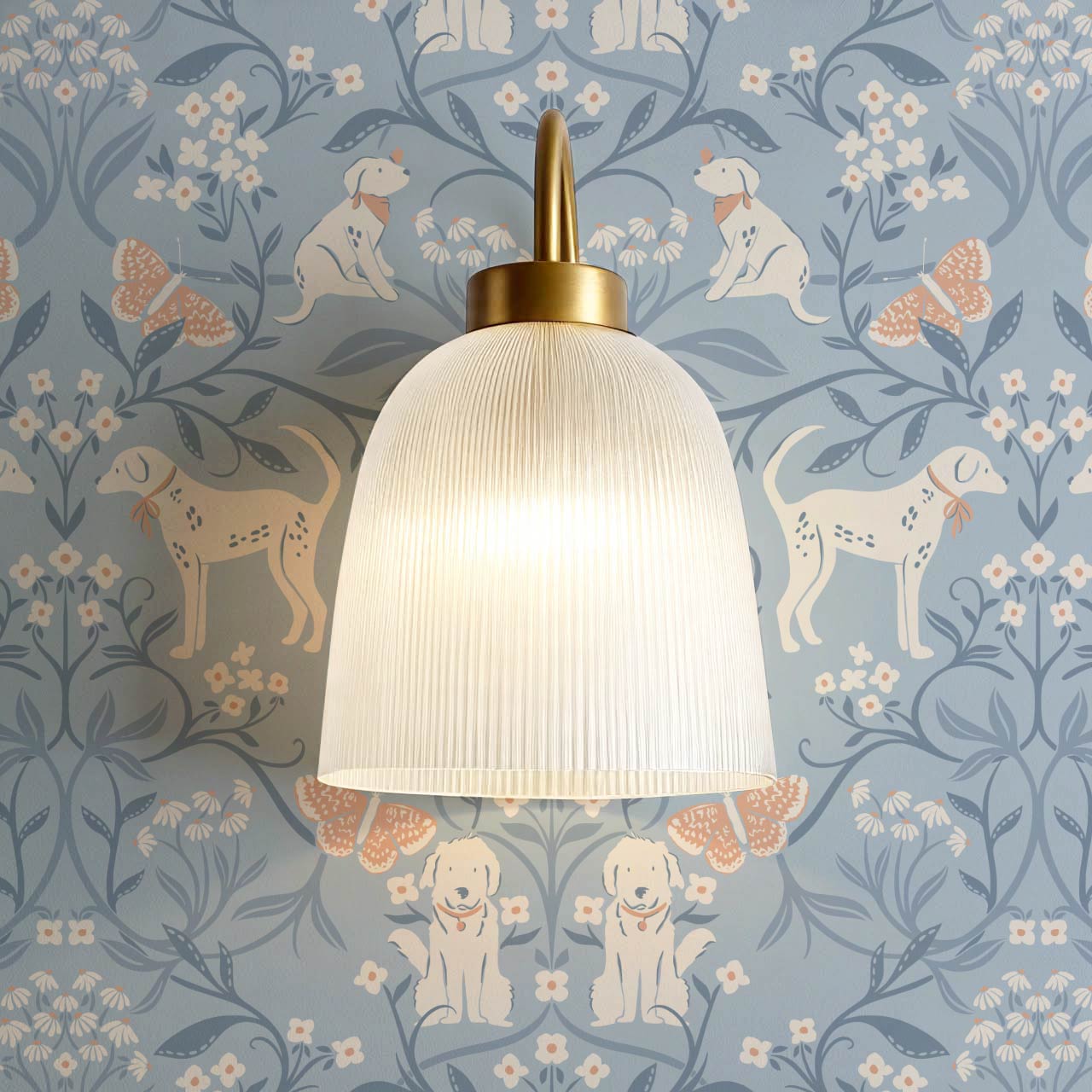 Scottie Puppy Dog Damask Coral Blue Wallpaper
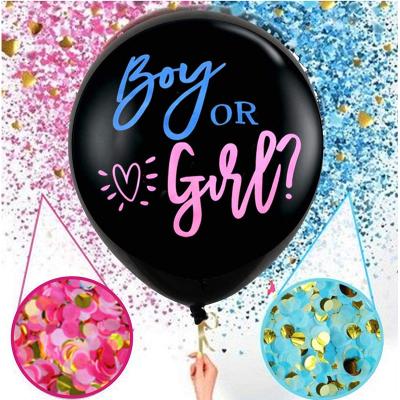 China 36 Inch Oval Display Gender Reveal Black Latex Balloon Confetti Baby Shower Decoration 128 for sale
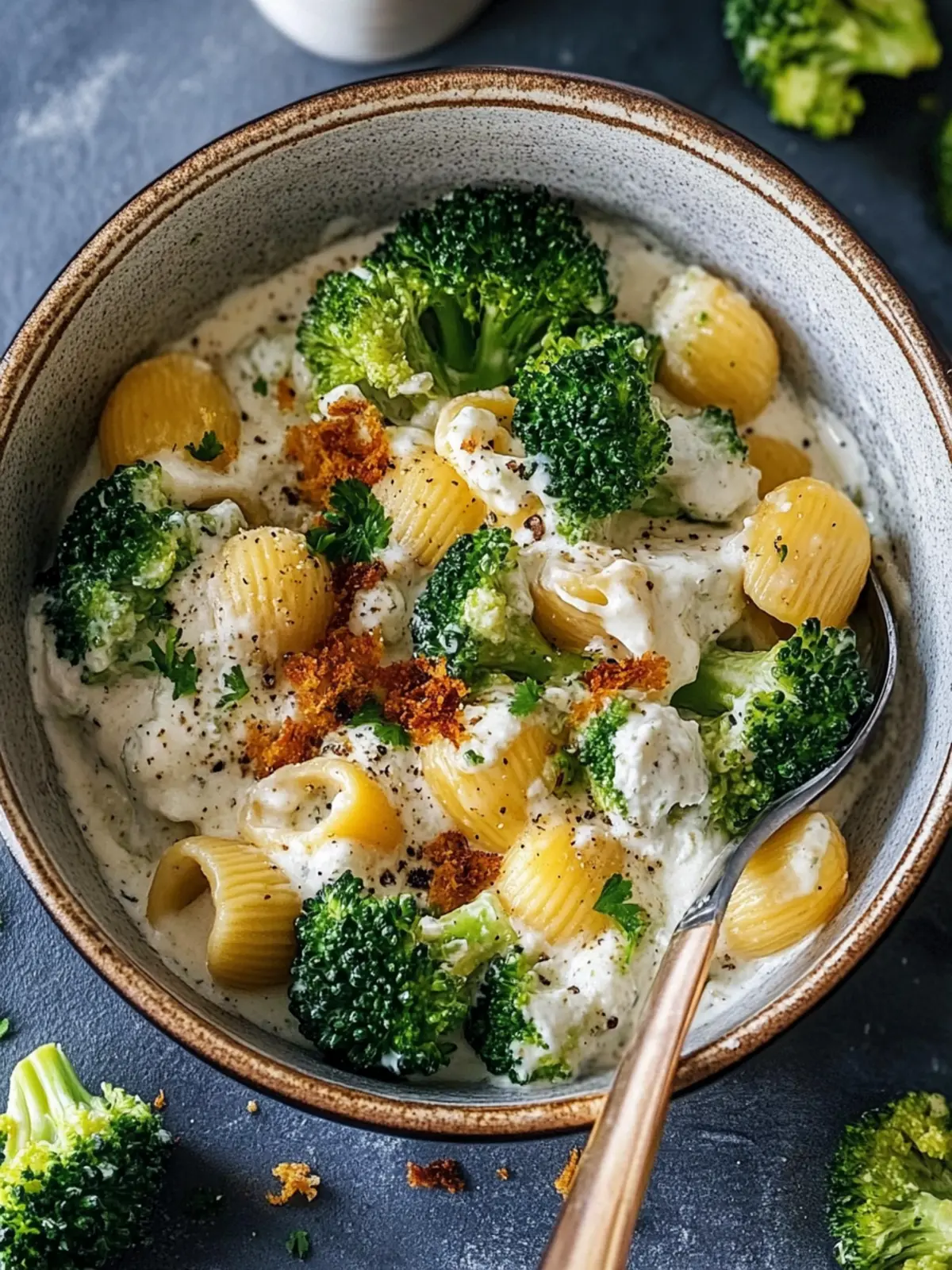 Cremige vegane Brokkoli & Muscheln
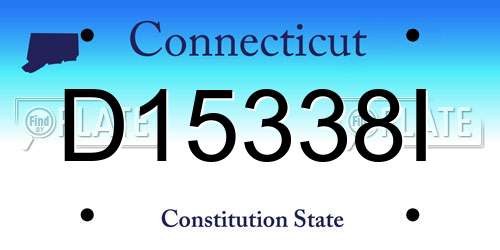 D15338I Connecticut License Plate
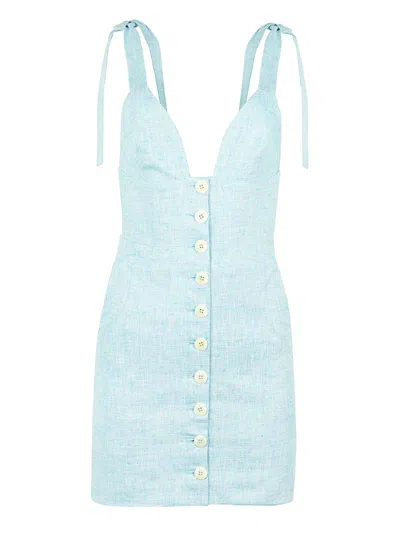 Blonde Gone Rogue Women's Linen Mini Dress, Upcycled Linen, In Light Blue In Green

[What this task involves]
The range to set down runs from the line containing "D15338I Connecticut License Plate" through the final line of the data, both ends included; give it exactly and drop the pictures.

[Answer to this exercise]
 D15338I Connecticut License Plate
 Blonde Gone Rogue Women's Linen Mini Dress, Upcycled Linen, In Light Blue In Green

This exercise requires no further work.